MARC POIRIER - Alors vous ne craignez pas que ce soit en fait le gouvernement du Canada qui pose ce geste et que la reine entérine en tant que reine d'une monarchie constitutionnelle du Canada plutôt que la Couronne britannique comme tel qui reconnaisse sa responsabilité morale pour la Déportation ?
EUCLIDE CHIASSON - Ben, je pense que c'est de la sémantique, parce que dans le fond la reine ne reconnaîtra rien sans l'avale du gouvernement canadien. La reine ne se prononcerait pas sur une question comme celle-là tant (sic), la seule voie, c'est celle que l'on a prise, c'est à dire qu'il faut que le gouvernement canadien prenne une position qui demande ensuite à la Couronne britannique.

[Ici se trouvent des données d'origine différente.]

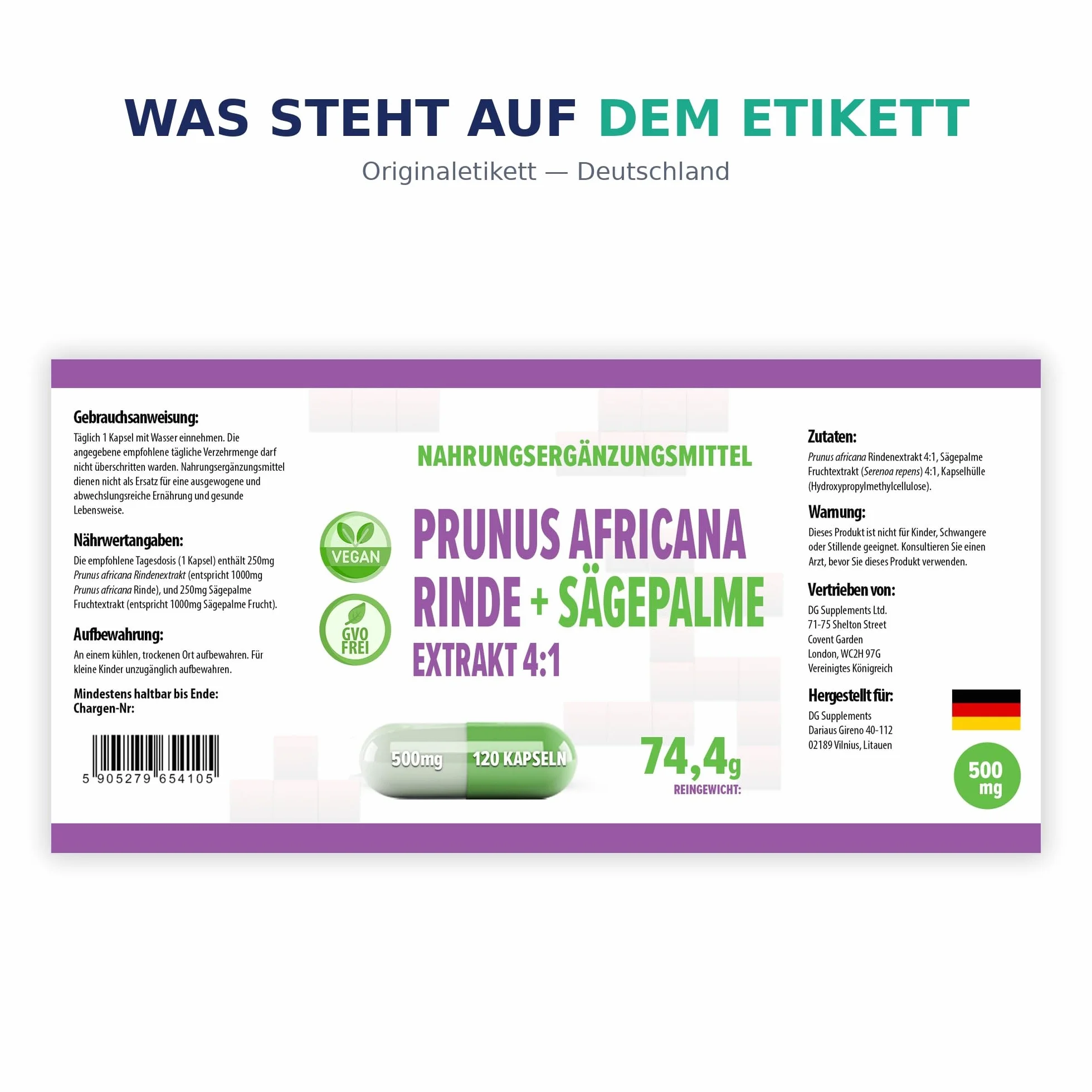 Hepatica Saw Palmetto Serenoa repens estratto 4:1 500 mg 120 capsule vegane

Si c'est la cas, disons si c'est une proclamation, qu'elle signe la proclamation tel que le Cabinet va l'avoir accepté.
MARC POIRIER - Donc, c'est un faux débat selon vous ?
EUCLIDE CHIASSON - Moi, je le crois.
MARC POIRIER - Pensez-vous que c'est parce que votre requête a été envoyée par l'entremise du bureau de la gouverneure générale du Canada que le bureau de la reine, le cabinet de la reine vous a répondu en faisant allusion aux besoins d'obtenir l'opinion de ses ministres canadiens avant de prendre une décision?
EUCLIDE CHIASSON - Ben, je ne crois pas. C'est tout simplement…, nous autres on a utilisé cette voie là parce que c'était la voie tout indiquée là. Mais moi je pense, c'est eh-eh-eh. Disons, si vous écrivez demain matin à la reine d'Angleterre pour une question comme celle-là, pensez-vous quelle va vous répondre en tant…(sic), sans faire une consultation, sans avoir l'avale du gouvernement, en parle, on est dans une monarchie constitutionnelle. Toutes les décisions sont, au niveau du Cabinet, au niveau du gouvernement. Le reste c'est-c'est-c'est vraiment du protocole. Pis, c'est ça qu'on veut, on veut une reconnaissance officielle de la couronne. Sinon, imaginez-vous s'il fallait que la Couronne britannique commence à faire des déclarations ici et là sur des questions qui touchent la souveraineté des pays. Ça ne marcherait pas.
MICHEL DOUCET - C'était le président de la SNA, Euclide Chiasson.